Introduction
Retrieval-Augmented Generation (RAG) has emerged as the standard architecture for allowing Large Language Models (LLMs) to query proprietary enterprise data. However, when deploying RAG in a corporate environment, security and data isolation become the primary engineering hurdles.
In this post, we discuss how DivyamStack engineers secure RAG pipelines that respect existing Identity and Access Management (IAM) permissions.
The Security Problem with Naive RAG
A naive RAG implementation chunks all company documents into a single vector database. When a user asks a question, the system retrieves the most semantically similar chunks and feeds them to the LLM.

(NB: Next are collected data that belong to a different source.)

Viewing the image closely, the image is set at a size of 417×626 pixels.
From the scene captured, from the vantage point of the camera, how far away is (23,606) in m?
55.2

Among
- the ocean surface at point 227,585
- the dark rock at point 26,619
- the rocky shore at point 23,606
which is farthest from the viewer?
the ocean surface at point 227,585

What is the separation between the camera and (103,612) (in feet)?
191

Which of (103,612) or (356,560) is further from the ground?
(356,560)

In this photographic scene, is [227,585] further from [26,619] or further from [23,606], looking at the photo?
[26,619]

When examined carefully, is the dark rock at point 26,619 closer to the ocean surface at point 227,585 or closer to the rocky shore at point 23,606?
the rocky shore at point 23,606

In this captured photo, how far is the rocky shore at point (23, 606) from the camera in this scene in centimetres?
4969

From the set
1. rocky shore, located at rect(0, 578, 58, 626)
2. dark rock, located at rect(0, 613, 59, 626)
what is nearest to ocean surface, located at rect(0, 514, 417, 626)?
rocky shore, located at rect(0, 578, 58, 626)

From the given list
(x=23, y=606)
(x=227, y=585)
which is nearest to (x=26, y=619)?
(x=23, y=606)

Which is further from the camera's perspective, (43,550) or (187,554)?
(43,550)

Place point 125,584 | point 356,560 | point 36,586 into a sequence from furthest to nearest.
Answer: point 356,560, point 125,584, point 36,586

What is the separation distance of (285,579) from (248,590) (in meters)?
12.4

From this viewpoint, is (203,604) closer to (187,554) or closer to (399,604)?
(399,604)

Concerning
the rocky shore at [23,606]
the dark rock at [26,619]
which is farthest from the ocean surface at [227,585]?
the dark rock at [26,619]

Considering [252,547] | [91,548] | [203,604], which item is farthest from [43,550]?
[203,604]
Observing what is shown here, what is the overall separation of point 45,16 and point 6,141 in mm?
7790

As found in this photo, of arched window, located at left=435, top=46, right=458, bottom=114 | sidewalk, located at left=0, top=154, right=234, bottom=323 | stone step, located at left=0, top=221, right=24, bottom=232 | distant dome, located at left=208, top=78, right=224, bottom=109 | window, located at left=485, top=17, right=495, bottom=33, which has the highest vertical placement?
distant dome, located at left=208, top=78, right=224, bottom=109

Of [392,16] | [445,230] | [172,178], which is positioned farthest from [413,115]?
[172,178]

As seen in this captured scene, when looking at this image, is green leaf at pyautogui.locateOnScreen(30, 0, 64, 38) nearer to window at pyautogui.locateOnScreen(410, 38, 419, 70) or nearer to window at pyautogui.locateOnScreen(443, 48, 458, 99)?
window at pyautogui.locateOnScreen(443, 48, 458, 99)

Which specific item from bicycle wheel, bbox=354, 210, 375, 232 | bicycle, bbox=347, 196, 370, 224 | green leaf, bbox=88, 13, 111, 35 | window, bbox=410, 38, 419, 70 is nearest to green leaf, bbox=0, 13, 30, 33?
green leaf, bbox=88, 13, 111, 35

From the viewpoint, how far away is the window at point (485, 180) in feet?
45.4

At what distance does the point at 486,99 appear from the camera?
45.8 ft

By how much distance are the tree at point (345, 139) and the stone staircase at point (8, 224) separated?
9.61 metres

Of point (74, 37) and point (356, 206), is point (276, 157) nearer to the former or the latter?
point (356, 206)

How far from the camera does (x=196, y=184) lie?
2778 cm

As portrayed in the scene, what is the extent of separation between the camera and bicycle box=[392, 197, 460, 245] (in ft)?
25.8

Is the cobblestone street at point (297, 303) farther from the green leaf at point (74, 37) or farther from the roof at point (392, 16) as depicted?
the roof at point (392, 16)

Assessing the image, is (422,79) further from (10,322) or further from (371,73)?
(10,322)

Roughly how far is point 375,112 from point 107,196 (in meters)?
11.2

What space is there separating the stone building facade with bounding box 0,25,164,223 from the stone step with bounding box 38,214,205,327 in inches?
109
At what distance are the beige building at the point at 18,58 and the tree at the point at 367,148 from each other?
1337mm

The issue? The LLM might retrieve sensitive HR documents or executive financials and show them to an unauthorized employee if their query happens to match the vector embeddings.
Our Approach: RBAC-Enforced Vector Search
To solve this, we implement Role-Based Access Control (RBAC) directly at the vector database level.

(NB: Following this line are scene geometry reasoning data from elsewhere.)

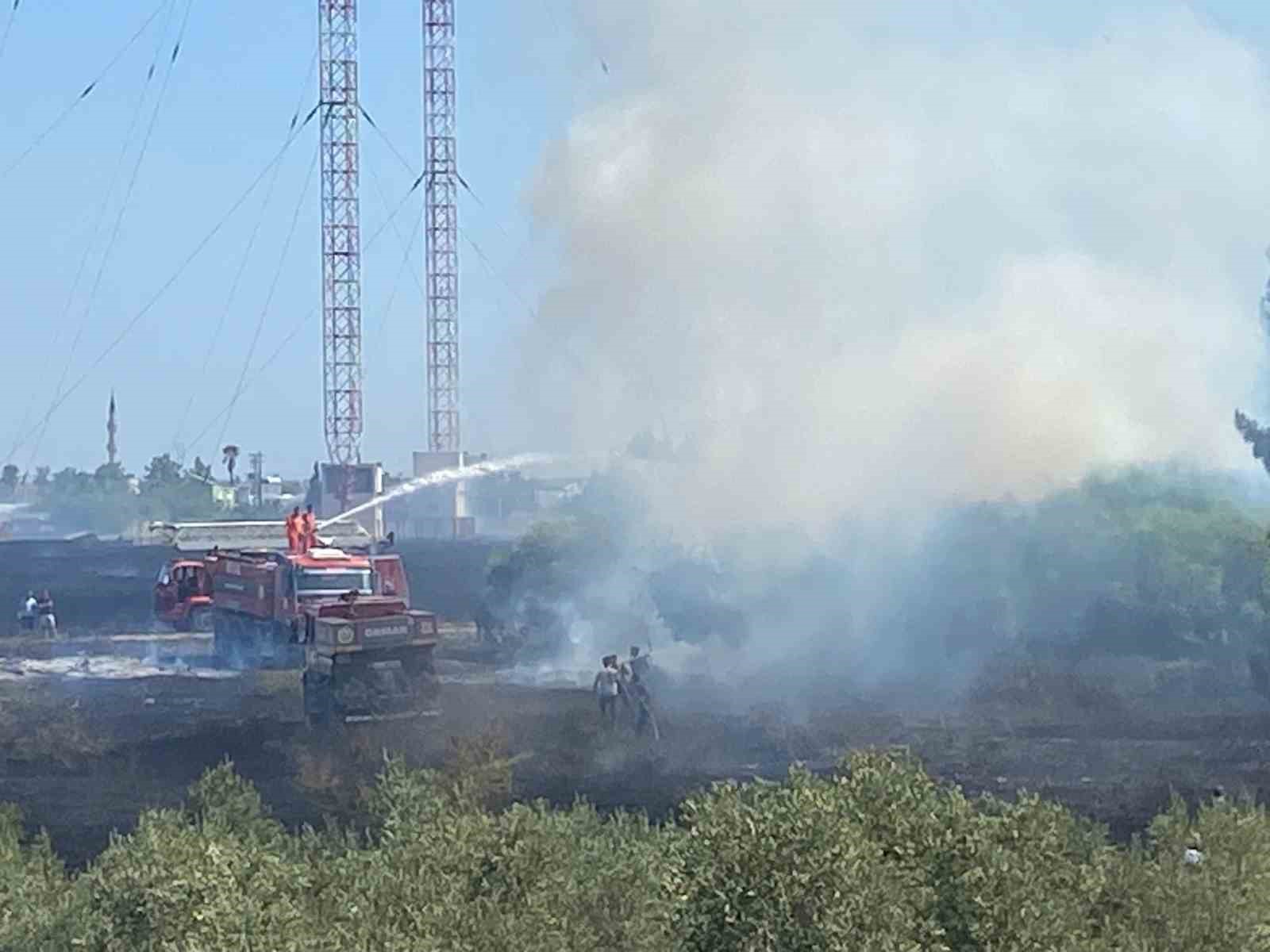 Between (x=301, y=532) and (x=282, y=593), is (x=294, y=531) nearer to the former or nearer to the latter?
(x=301, y=532)

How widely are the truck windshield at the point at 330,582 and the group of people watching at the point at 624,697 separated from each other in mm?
11326

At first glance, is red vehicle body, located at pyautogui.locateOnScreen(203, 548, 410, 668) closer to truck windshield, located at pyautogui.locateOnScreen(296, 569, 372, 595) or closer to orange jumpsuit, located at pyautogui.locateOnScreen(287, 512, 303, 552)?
truck windshield, located at pyautogui.locateOnScreen(296, 569, 372, 595)

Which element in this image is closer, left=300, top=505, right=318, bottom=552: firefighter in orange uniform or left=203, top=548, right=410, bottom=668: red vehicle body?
left=203, top=548, right=410, bottom=668: red vehicle body

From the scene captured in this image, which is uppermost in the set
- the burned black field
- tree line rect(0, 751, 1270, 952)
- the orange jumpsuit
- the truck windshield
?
the orange jumpsuit

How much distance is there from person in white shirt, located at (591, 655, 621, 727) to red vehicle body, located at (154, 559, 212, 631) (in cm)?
2093

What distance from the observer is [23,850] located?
75.7 feet

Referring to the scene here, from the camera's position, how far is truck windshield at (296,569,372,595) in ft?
152

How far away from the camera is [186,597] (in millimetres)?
55688

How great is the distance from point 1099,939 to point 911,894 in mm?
1524

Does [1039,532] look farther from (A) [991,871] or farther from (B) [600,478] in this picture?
(A) [991,871]

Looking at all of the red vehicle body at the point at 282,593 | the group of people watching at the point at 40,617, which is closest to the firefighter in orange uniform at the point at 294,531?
the red vehicle body at the point at 282,593

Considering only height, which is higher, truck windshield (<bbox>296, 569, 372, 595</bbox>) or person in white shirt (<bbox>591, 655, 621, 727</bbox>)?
truck windshield (<bbox>296, 569, 372, 595</bbox>)

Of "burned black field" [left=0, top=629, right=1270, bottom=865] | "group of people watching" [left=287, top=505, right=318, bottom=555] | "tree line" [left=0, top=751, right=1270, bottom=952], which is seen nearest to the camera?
"tree line" [left=0, top=751, right=1270, bottom=952]

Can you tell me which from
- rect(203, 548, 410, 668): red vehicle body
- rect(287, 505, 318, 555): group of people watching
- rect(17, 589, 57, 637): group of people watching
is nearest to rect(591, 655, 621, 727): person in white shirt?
rect(203, 548, 410, 668): red vehicle body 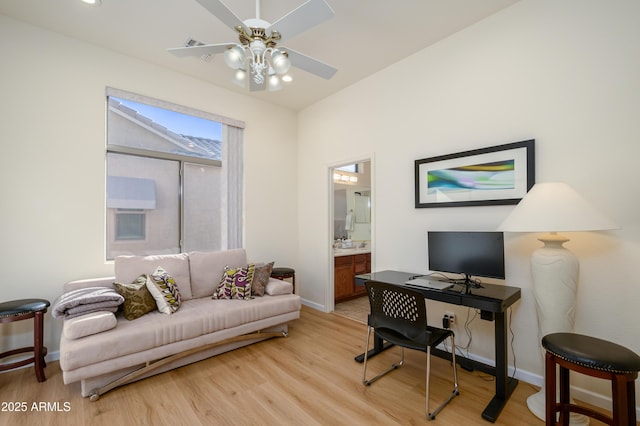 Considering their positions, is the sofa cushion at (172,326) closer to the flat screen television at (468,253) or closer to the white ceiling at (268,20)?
the flat screen television at (468,253)

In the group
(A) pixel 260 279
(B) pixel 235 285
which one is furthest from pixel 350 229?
(B) pixel 235 285

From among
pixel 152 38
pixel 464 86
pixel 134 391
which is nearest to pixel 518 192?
pixel 464 86

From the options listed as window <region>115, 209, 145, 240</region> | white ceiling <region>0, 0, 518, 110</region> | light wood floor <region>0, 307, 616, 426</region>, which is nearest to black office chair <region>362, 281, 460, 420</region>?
light wood floor <region>0, 307, 616, 426</region>

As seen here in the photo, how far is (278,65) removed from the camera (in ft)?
7.06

1. Metadata Tagging at Ingestion
During the data ingestion pipeline, every document chunk is tagged with permission metadata (e.g., allowed_roles: ['hr', 'admin']).

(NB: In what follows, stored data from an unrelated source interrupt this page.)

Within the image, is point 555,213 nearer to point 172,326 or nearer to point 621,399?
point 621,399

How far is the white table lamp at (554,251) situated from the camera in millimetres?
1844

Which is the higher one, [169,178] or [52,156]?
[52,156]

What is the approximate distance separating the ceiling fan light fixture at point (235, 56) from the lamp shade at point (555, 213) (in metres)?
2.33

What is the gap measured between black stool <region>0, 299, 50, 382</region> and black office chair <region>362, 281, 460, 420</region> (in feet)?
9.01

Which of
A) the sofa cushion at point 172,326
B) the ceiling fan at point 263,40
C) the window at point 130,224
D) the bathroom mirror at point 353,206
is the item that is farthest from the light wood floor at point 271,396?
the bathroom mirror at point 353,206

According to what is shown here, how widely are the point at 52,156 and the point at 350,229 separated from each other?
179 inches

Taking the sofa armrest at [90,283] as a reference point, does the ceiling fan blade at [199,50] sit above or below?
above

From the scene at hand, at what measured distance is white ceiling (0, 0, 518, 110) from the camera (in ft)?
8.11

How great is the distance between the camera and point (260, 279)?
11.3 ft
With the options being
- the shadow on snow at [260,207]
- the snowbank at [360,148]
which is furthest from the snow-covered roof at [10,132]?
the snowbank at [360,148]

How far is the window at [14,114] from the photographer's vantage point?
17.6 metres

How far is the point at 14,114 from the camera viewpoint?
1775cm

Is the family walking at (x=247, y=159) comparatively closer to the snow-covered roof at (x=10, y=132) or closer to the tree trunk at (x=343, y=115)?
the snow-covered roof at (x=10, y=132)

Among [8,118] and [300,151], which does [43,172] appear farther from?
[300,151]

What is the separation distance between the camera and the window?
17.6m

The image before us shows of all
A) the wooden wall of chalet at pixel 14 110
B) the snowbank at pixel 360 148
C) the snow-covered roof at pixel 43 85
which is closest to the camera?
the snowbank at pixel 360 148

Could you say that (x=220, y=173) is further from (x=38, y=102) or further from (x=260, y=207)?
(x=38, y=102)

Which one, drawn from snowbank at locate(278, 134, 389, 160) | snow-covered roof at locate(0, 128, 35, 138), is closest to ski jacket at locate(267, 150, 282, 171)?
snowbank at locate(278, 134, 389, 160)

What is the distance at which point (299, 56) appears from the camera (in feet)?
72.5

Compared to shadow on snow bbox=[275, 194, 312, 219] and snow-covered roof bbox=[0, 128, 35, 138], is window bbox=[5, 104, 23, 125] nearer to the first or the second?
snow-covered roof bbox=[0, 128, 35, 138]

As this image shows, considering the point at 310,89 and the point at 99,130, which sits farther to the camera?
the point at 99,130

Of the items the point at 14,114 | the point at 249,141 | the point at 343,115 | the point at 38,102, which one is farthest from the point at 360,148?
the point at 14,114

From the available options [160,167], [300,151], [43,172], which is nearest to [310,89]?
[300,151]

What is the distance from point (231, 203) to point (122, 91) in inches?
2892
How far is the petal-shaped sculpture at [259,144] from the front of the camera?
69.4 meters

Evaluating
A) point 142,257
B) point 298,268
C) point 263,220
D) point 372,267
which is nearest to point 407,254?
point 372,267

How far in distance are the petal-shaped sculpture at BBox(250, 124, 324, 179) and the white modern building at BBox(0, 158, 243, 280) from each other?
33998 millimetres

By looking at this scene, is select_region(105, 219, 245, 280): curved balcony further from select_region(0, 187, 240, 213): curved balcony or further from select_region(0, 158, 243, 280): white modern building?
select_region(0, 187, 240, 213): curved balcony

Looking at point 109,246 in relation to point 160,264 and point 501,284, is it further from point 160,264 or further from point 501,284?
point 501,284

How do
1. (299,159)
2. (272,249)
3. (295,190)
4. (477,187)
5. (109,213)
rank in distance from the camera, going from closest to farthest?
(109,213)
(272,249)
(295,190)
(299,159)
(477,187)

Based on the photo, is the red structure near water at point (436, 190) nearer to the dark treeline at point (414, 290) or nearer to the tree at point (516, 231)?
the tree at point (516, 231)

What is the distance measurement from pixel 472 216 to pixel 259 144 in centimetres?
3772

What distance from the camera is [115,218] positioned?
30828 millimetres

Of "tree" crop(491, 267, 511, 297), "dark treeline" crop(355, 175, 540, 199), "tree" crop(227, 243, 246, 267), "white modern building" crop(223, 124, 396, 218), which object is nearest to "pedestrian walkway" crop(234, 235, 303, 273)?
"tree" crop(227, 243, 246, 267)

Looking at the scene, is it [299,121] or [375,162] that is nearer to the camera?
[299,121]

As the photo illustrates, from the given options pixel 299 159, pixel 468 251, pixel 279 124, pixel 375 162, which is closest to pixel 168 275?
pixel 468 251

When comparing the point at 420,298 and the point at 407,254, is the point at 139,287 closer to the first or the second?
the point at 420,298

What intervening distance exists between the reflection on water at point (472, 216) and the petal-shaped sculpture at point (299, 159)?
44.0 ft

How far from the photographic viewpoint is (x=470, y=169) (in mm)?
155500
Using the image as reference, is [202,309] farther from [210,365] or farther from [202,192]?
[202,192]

2. Pre-Filtering at Retrieval
When a user submits a query, we intercept their IAM token (via Auth0 or Azure AD), extract their roles, and apply a metadata filter to the vector search query.
# Example pseudo-code for a secure Pinecone query
results = index.query(
vector=user_query_embedding,
top_k=5,
filter={
"allowed_roles": { "$in": user.roles }
}
)
Conclusion
By enforcing permissions before the context window is assembled, we guarantee that the LLM can never hallucinate or leak data that the user isn’t strictly authorized to see.